The top activities listed by Gov. Romney's followers:
  • Basketball
  • Guns
  • Gardening
  • Football
  • Church
  • Quilting
The top activities listed by Pres. Obama's followers:
  • Camping
  • Meditation
  • Stand-up Comedy
  • Power Walking 
  • Playing Computer Games
  • Jigsaw Puzzles
I wish they broke this down by the standard sociological categories of race, class, and gender, as well as age, but it does create a picture in the mind of the different "ideal type" voters for each candidate.

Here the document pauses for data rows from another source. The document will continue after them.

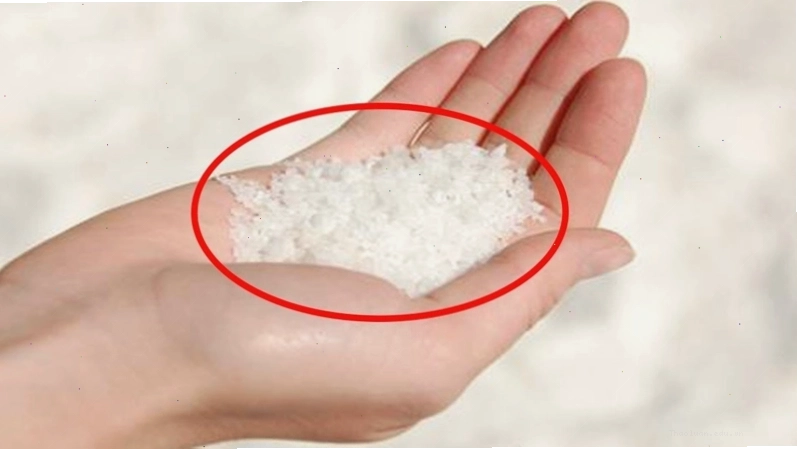 Nước muối hấp thu năng lượng tiêu cực
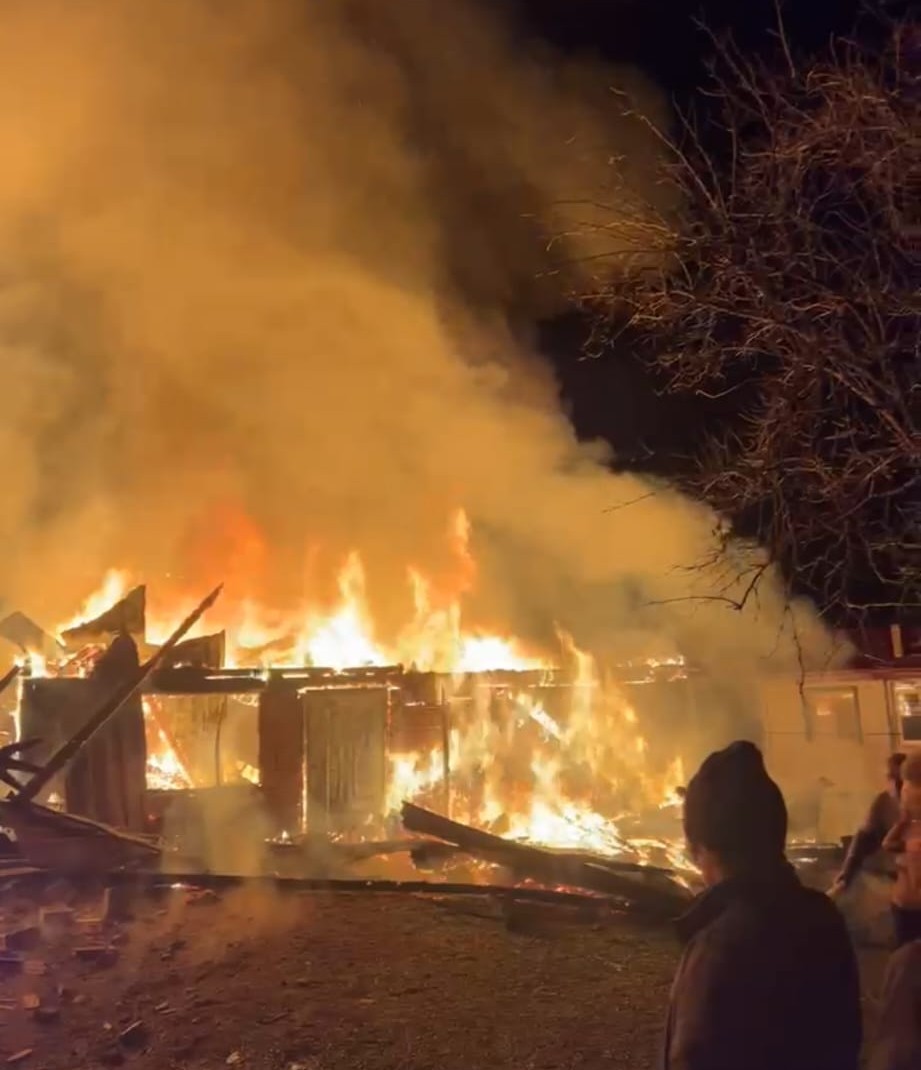 Mahalleli Tankerlerle Müdahale Etti Gece Yarısı 2 Ev Kül Oldu (4)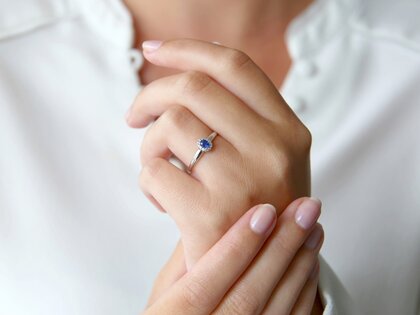 Bague de fiançailles Jolie en 9K or blanc avec saphir 0,25ct et diamants 0,06ct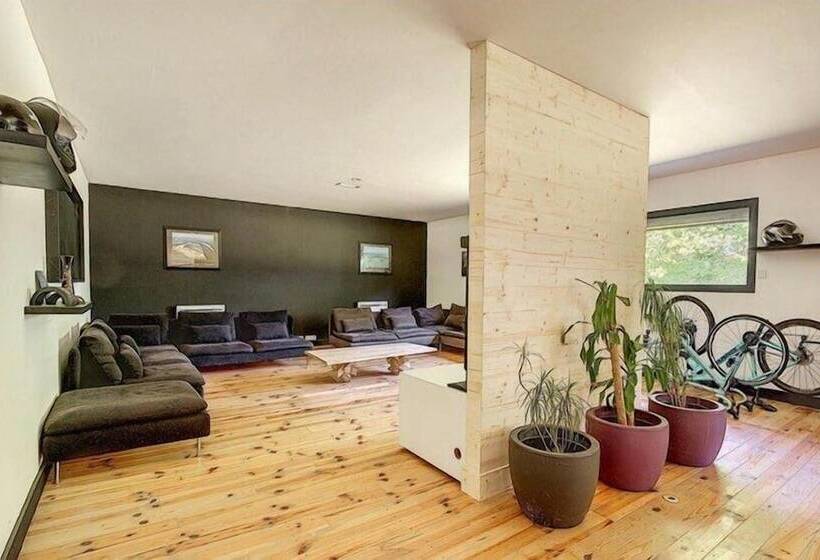 住宿加早餐  Villa Maya Uma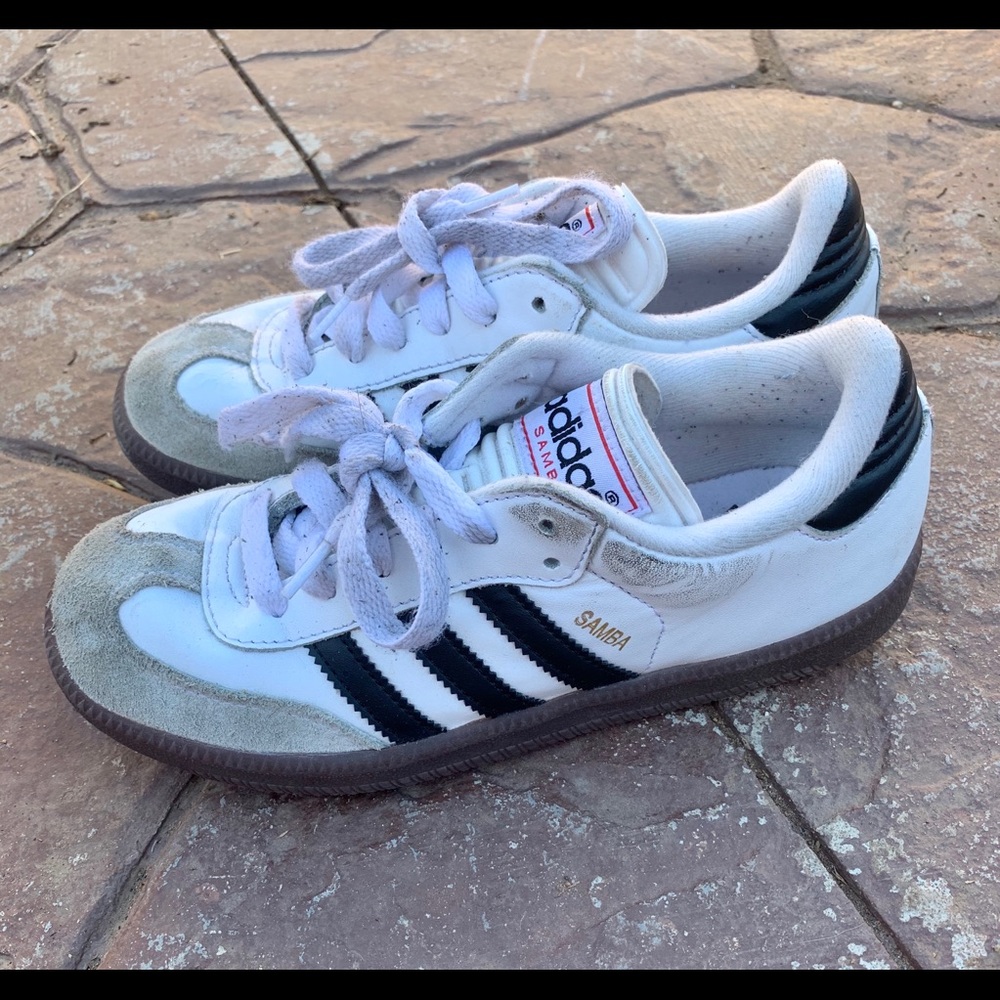 White Adidas kids tennis shoes Size 3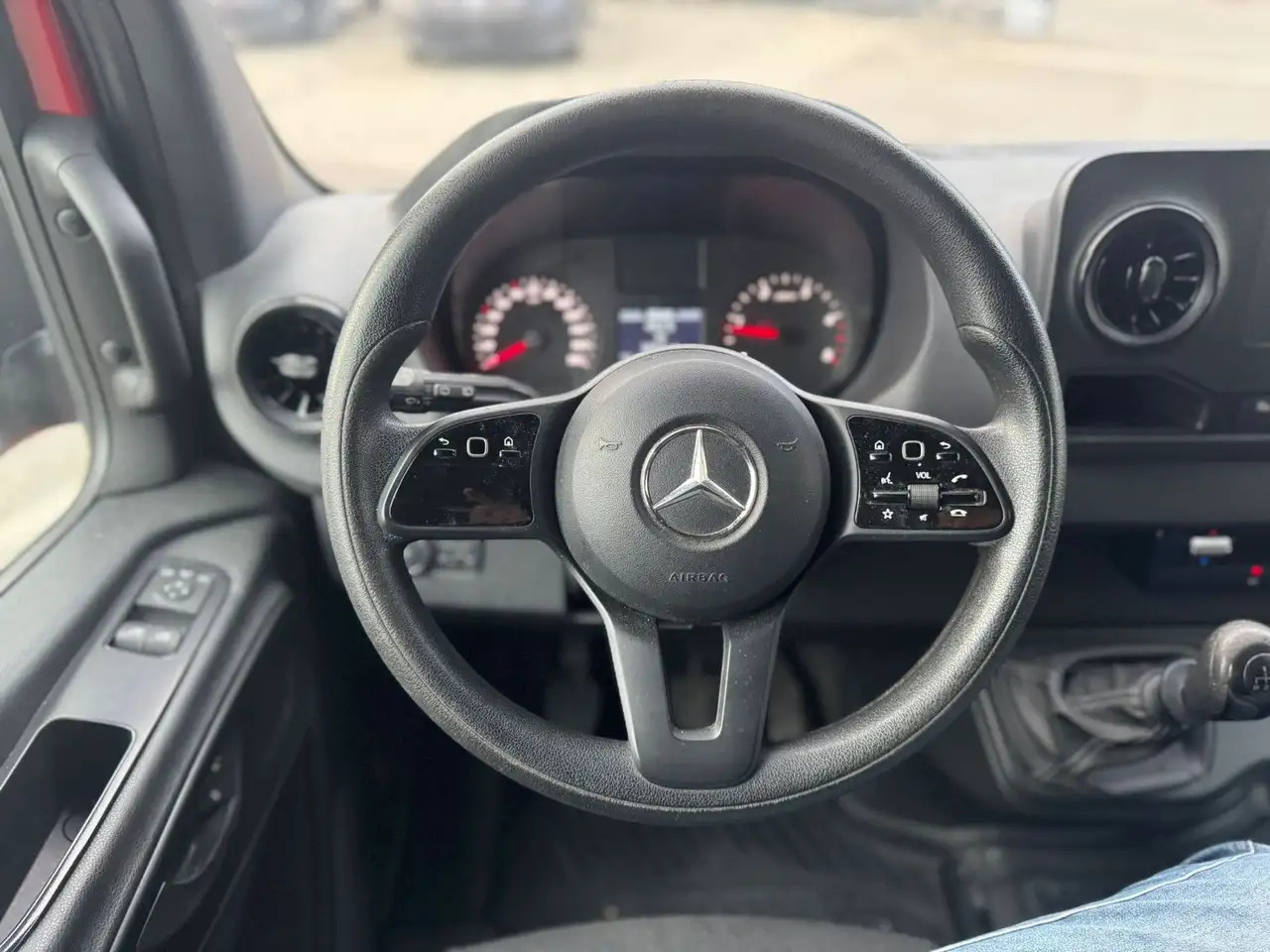 Mercedes-Benz Sprinter 317 CDI Maxi Lang XXL Extralang MBUX - Цельнометаллический фургон: фото 2 Mercedes-Benz Sprinter 317 CDI Maxi Lang XXL Extralang MBUX - Цельнометаллический фургон: фото 2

Saturday, October 13, 2012

The European Union's Well-Deserved Nobel Peace Prize

The European Union was the surprise winner of the Nobel Peace Prize this week.  Yet, as I pondered this choice, I chided myself for not having thought of it before.  The Long Peace of Europe since the Second World War is so much a part of our taken-for-granted world that we have already forgotten what an achievement that peace is. 

The massive decline in violence in the world in the past two generations is due primarily to the strong system of inter-connected and law-abiding states. And the core of the system of peaceful states is a stable Europe and a stable North America.

Good job, Nobel committee.  The prize is long overdue.  I hope it helps the EU overcome its current financial difficulties.

Wednesday, October 10, 2012

Creating, Versus Consuming, Love on the Internet Dating Market

I am working through the new book of that fine sociologist, Arlie Hochschild. In The Outsourced Self: Intimate Life in Market Times she looks at the many ways we have turned to the market for aspects of personal life that we used to rely on "the village" for.

In the chapter on internet dating that opens the book, she makes this helpful observation: internet dating clients had such trouble finding a mate because "they were preparing to be consumers, not creators, of love."

One fruitful insight of our "Happy Society" class is that the simple act of performing acts of kindness for others makes one feel happier.  And we notice that our friends, seeing our example, are more likely to do the same.

I find that students have another, even more unexpected insight.  They have clear feelings about whether society is happy and kind, or unhappy and cold.  But until doing this class exercise, they had just never thought about themselves as the creators of the moral tone of society.

Creating love, like creating kindness, is hard and risky.  But it is also empowering.  And, of course, good.


Tuesday, October 09, 2012

Protestants Fall to Less Than Half: Nones Rise to a Fifth

The Pew Research Center has released a new report, The Rise of the Nones, on the changing shape of American religion.

Protestants are down by 5% to 48% total.

Religiously unaffiliated (nones) are up 5% to 20%.

Catholics are down 1% to 22%

Other religions are up 2% to 6%.

The main thing that seems to have happened is that lightly affiliated Protestants of five years ago now no longer call themselves religious at all.